Researchers and state agencies have been looking for realistic ways to reduce dust from exposed playa. Reflooding broad areas can require large volumes of water. Targeted wetting of dust hotspots may offer another management option in some locations.
The newly mapped pressurized groundwater could be relevant because some of it already rises naturally through the lakebed. If scientists can identify where that happens, they can better understand which areas stay damp and which become dust sources.
Any use of groundwater would need careful study. Pumping or redirecting water could change underground pressures or water chemistry. The present work gives scientists a clearer starting point for asking those practical questions.

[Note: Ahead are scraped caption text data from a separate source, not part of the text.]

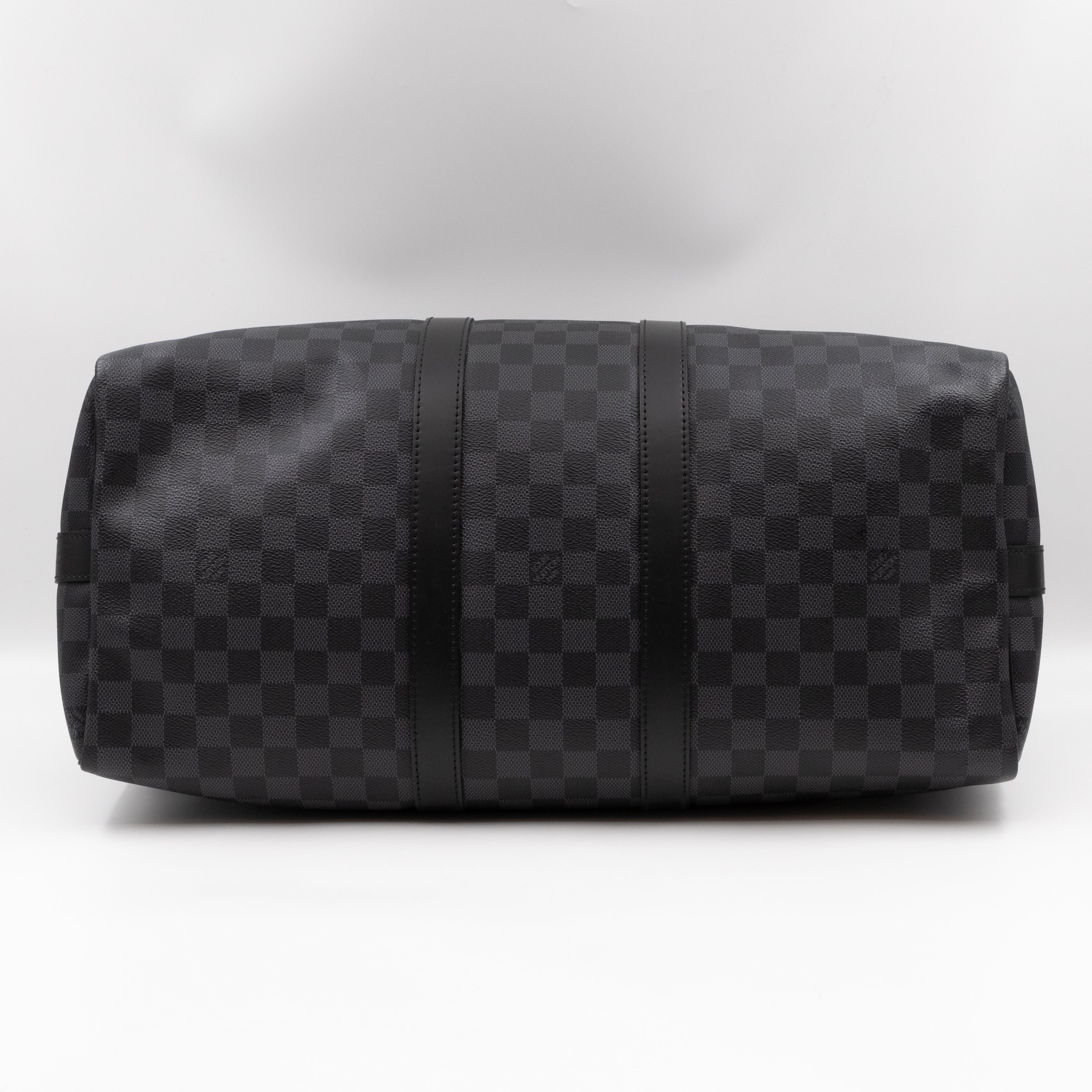 Keepall 45 Bandouliere Damier Graphite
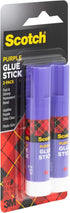Scotch Purple Glue Stick 6108-2N – .28 Ounce, Acid-Free, Non-Toxic, Dries Clear, Ideal for Paper and Fabric Projects, 2-Pack...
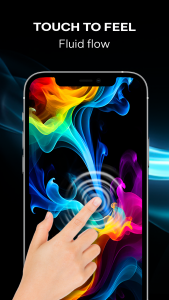 اسکرین شات برنامه Fluid Wallpaper - Magic Fluids 2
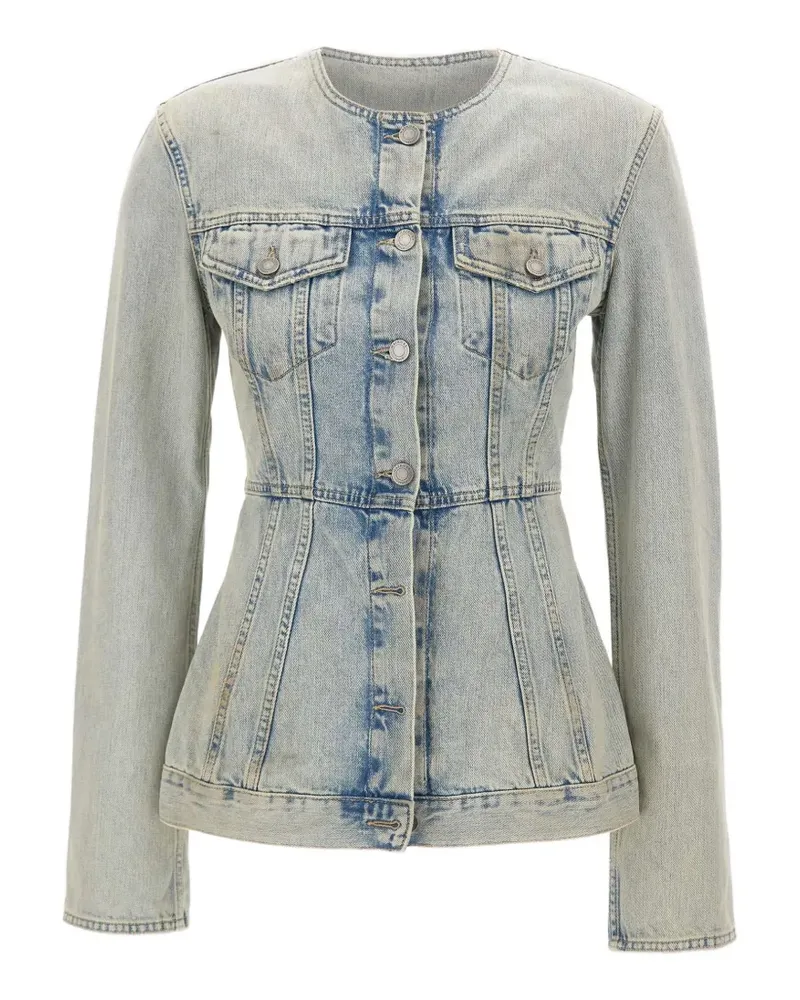 Haikure chest-pocket denim jacket - Blau Blau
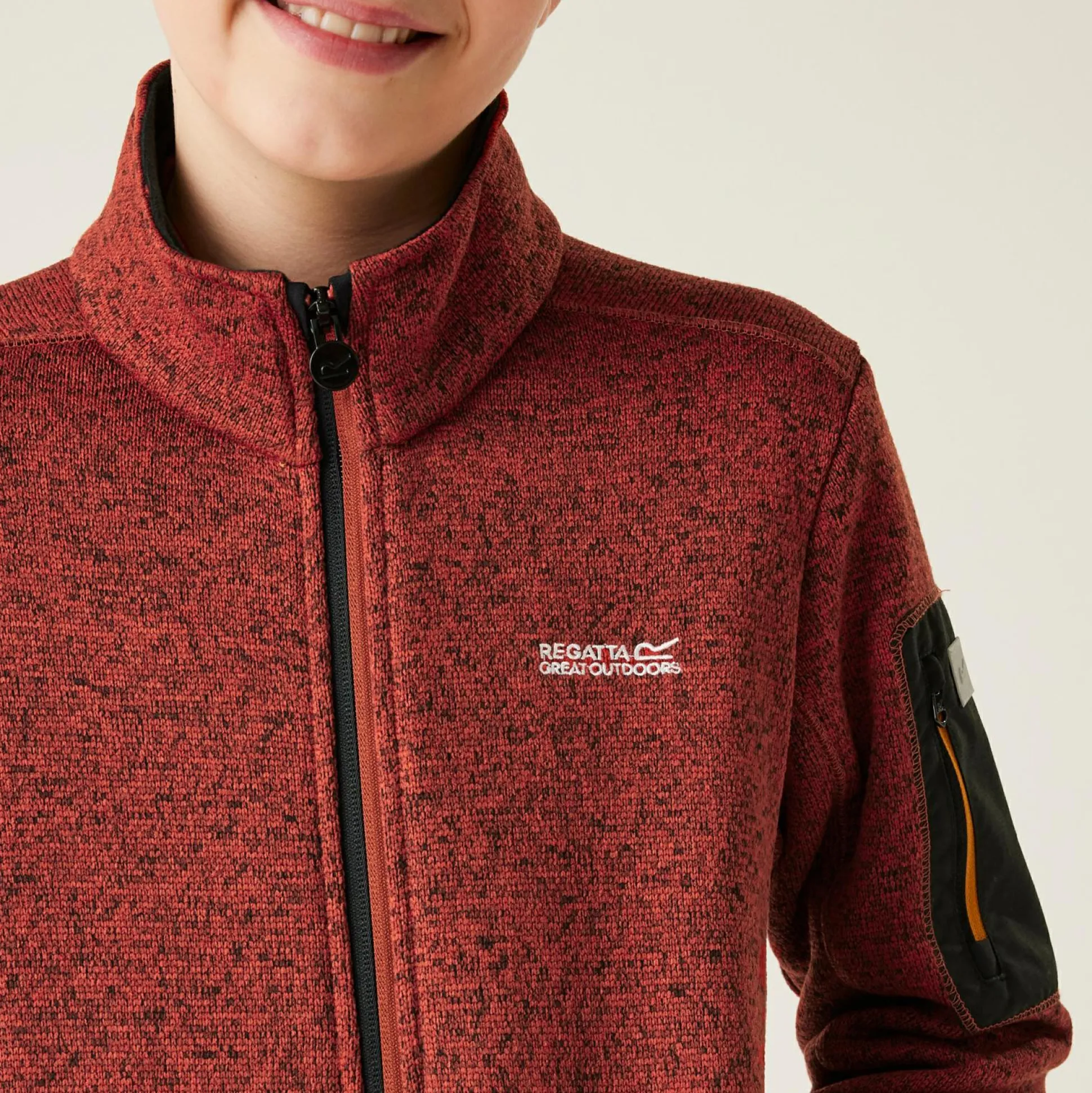 Kids' Newhill Fleece | Red Ochre Black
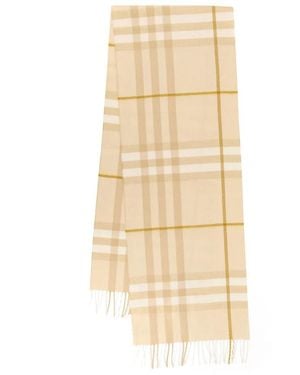 Burberry Winter Scarves - Natural
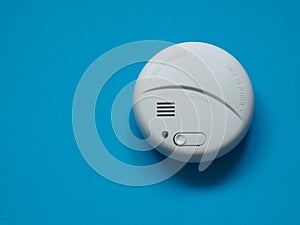 Fire protection system close up. Photoelectric smoke detector photo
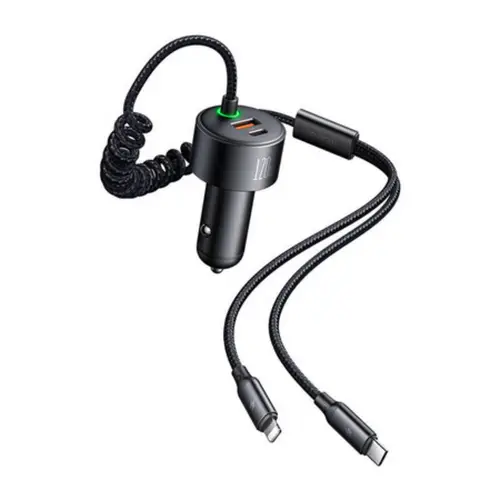 Mcdodo CC-0370 Autoladegerät, USB-C, für iPhone, 120W, einziehbare Kabel Mcdodo CC-0370 Autoladegerät, USB-C, für iPhone, 120W, einziehbare Kabel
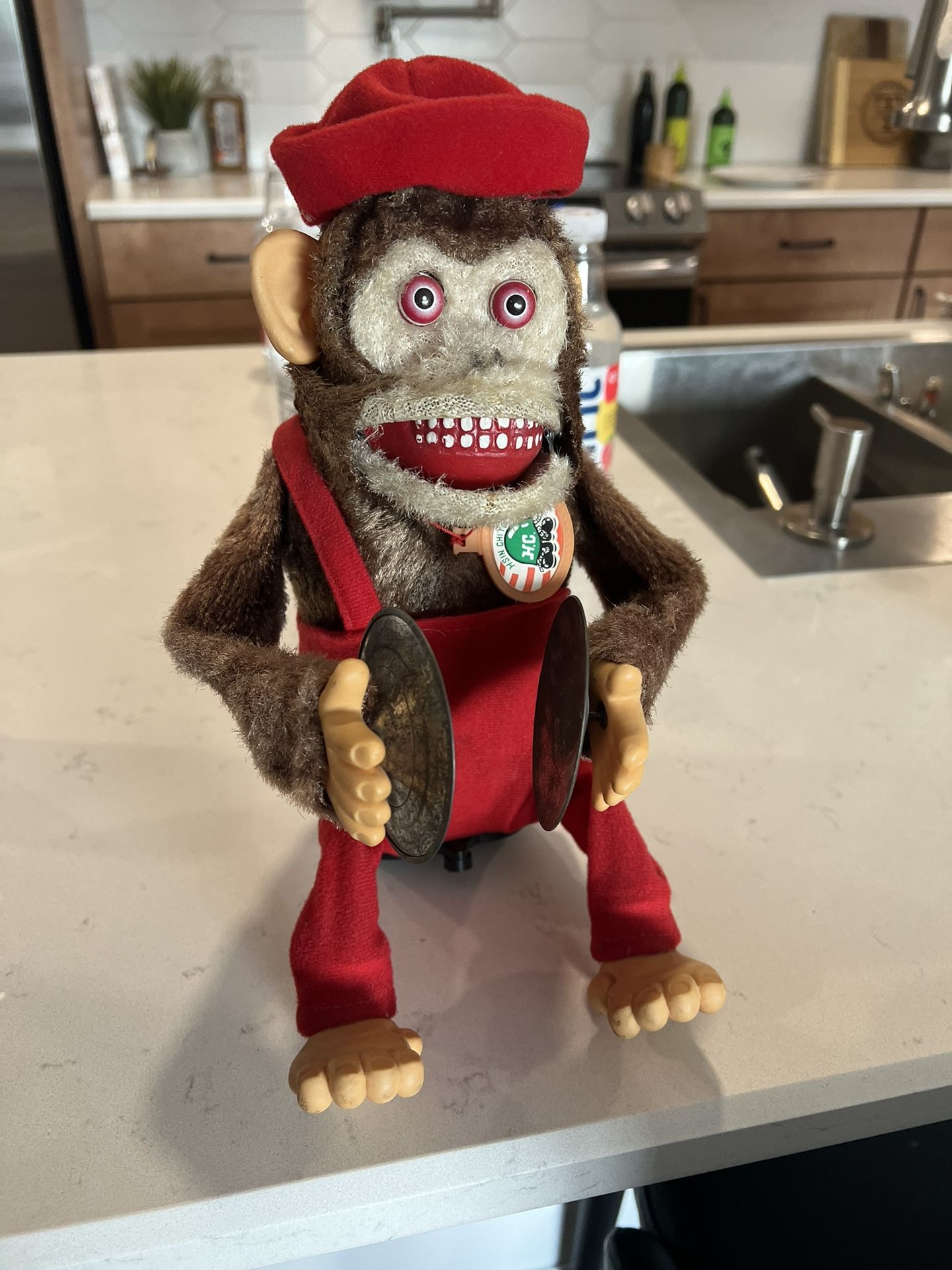 Vintage Clapping Monkey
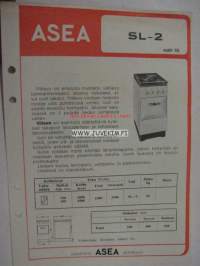 Asea SL-2 sähköhella -esite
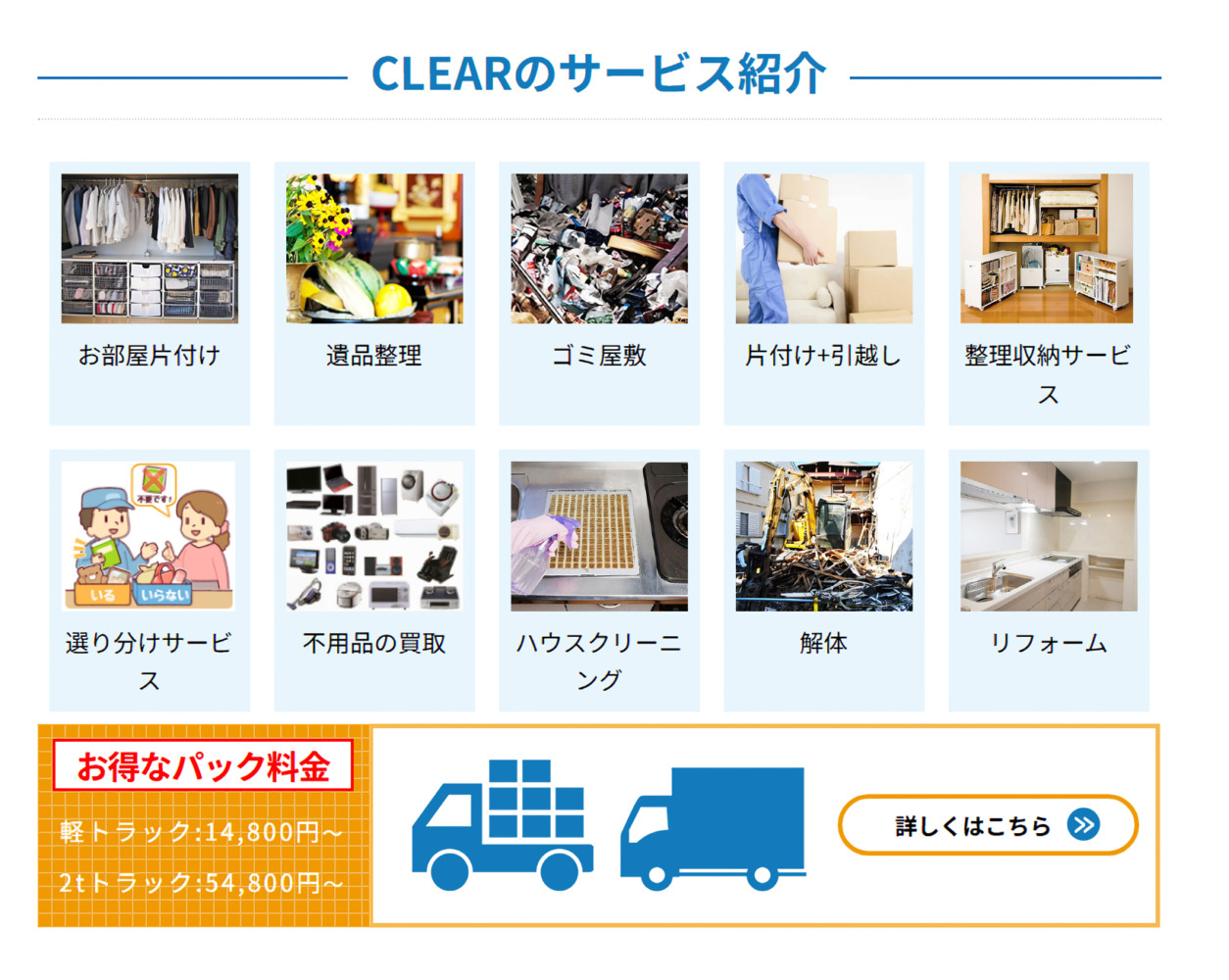 サービスの特徴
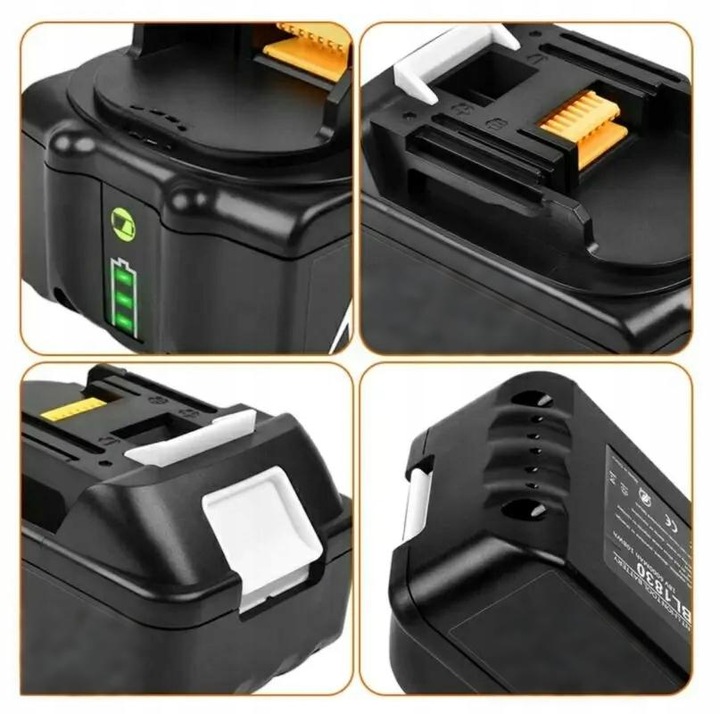 AKUMULATOR ZAMIENNIK DO MAKITA BATERIA 18V 6,0 Ah BL1860 6AH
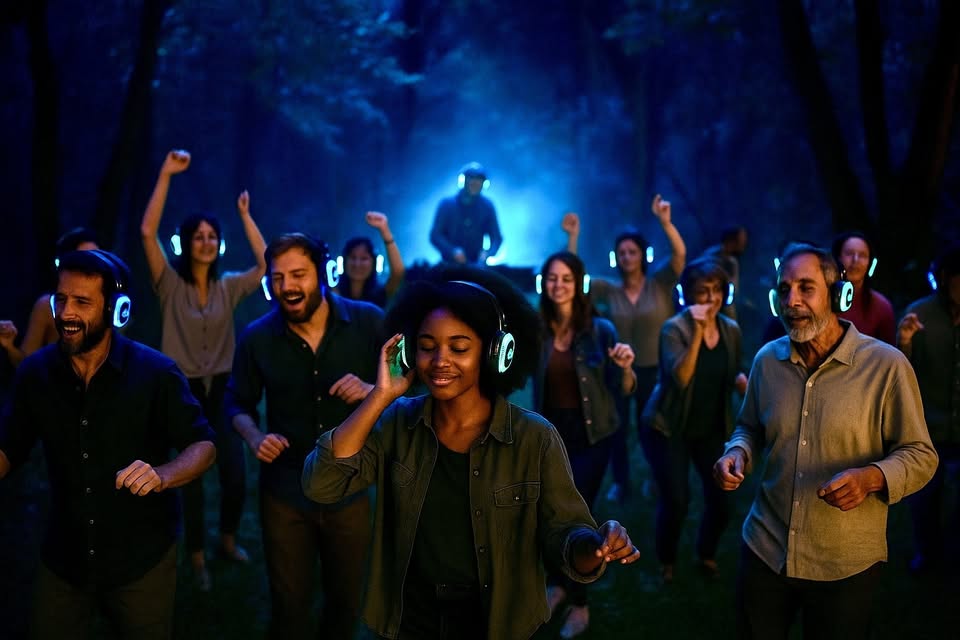 Ecstatic Dance in the Woods! / Silent Disco With DJ James Patrick (aka, Nasty)
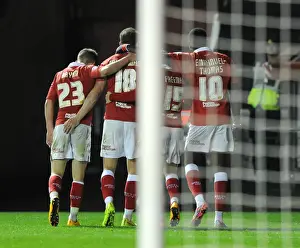 Aaron Wilbraham's Game-Winning Goal: Bristol City Celebrates in Johnstone Paint Trophy Match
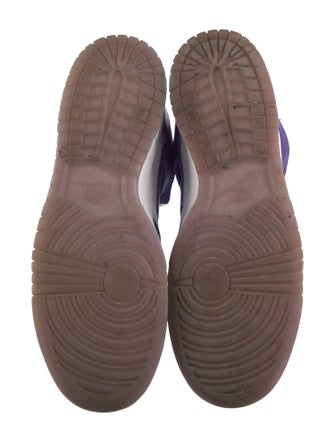 Nike Leather Colorblock Pattern Sneakers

The broader project is tied to the Utah Department of Natural Resources and the Great Salt Lake Commissioners’ Office. That link between research and planning reflects the urgency around lake decline, dust exposure and water management in northern Utah.
What researchers need to map next
The study is a pilot survey, so the next step is scale. The Great Salt Lake covers a much larger footprint than the Farmington Bay and Antelope Island survey area. Researchers need broader coverage to see whether the same freshwater system extends across other parts of the basin.
Future surveys could reveal how the freshwater body connects to mountain recharge, buried sediments and structural features below the lake. They could also show where the reservoir thins, deepens, or mixes with brine.
The magnetic measurements are especially useful for mapping the shape of the deeper basin. When paired with electromagnetic data, they can help scientists identify geological boundaries that influence groundwater flow.
Better maps could support decisions about dust control, groundwater protection and lake restoration. They could also reshape scientific understanding of saline terminal lakes, which are among the world’s most stressed water bodies.
For now, the Great Salt Lake’s hidden freshwater system is coming into focus one flight line at a time. The salty surface remains the lake’s most obvious feature, while the buried reservoir below may become a crucial part of its future.